------ AVAILABLE DATA
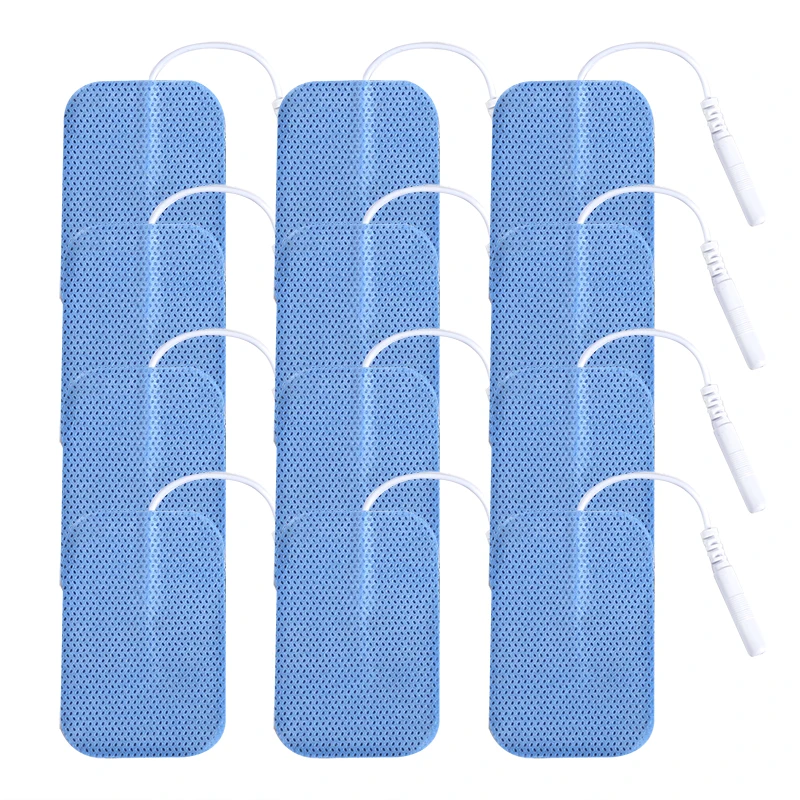 Pin Type Electrode Pads Replacement for TENS Unit Acupuncture Massager Slimming Stickers Patch - 10 Count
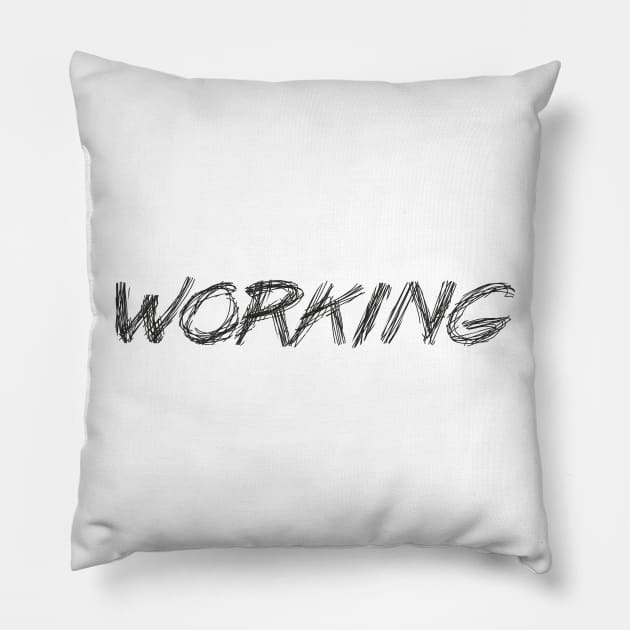 Working Pillow by Olgakunz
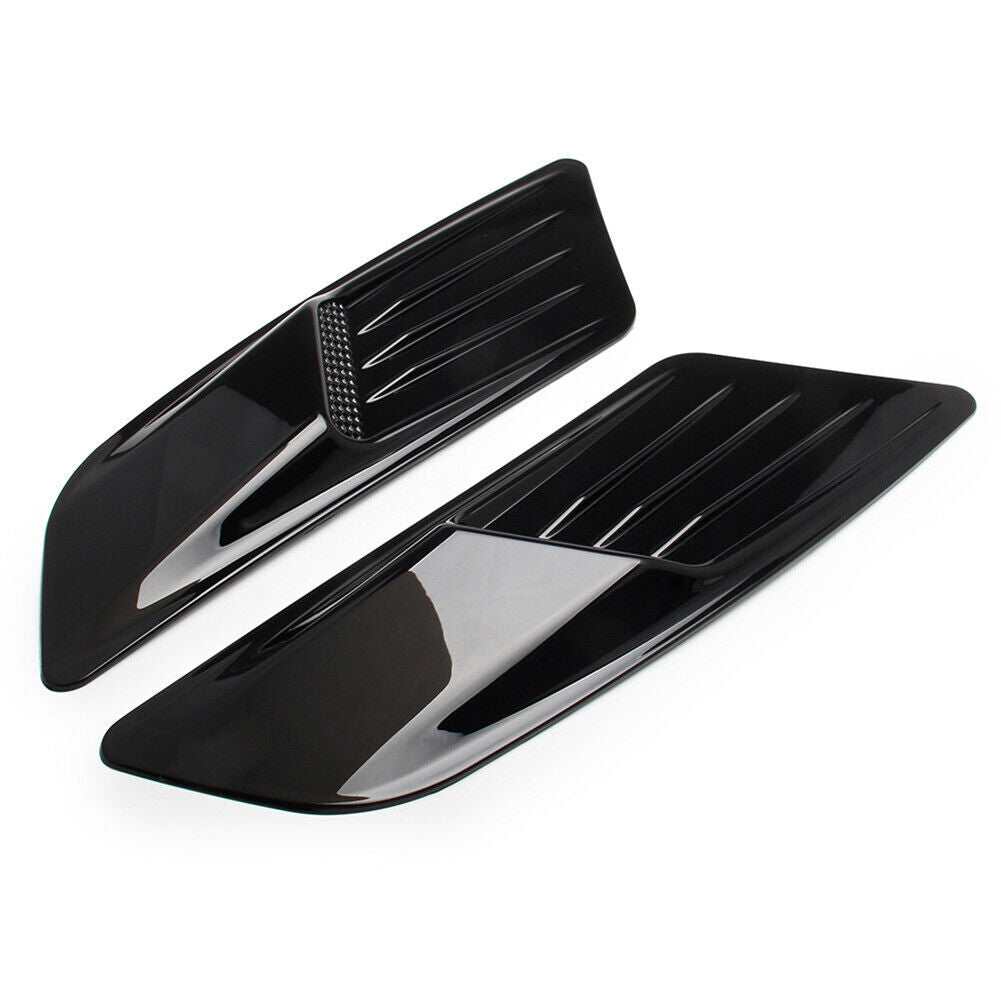 Hood Air Intake Scoop Bonnet Vent Cover Trim for Ford Mustang 15-17 (Black)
------------
- REQUIRED WORK: Give back each line above exactly, with pictures dropped.

- EXPECTED OUTPUT:
 Pin Type Electrode Pads Replacement for TENS Unit Acupuncture Massager Slimming Stickers Patch - 10 Count
 Working Pillow by Olgakunz
 Hood Air Intake Scoop Bonnet Vent Cover Trim for Ford Mustang 15-17 (Black)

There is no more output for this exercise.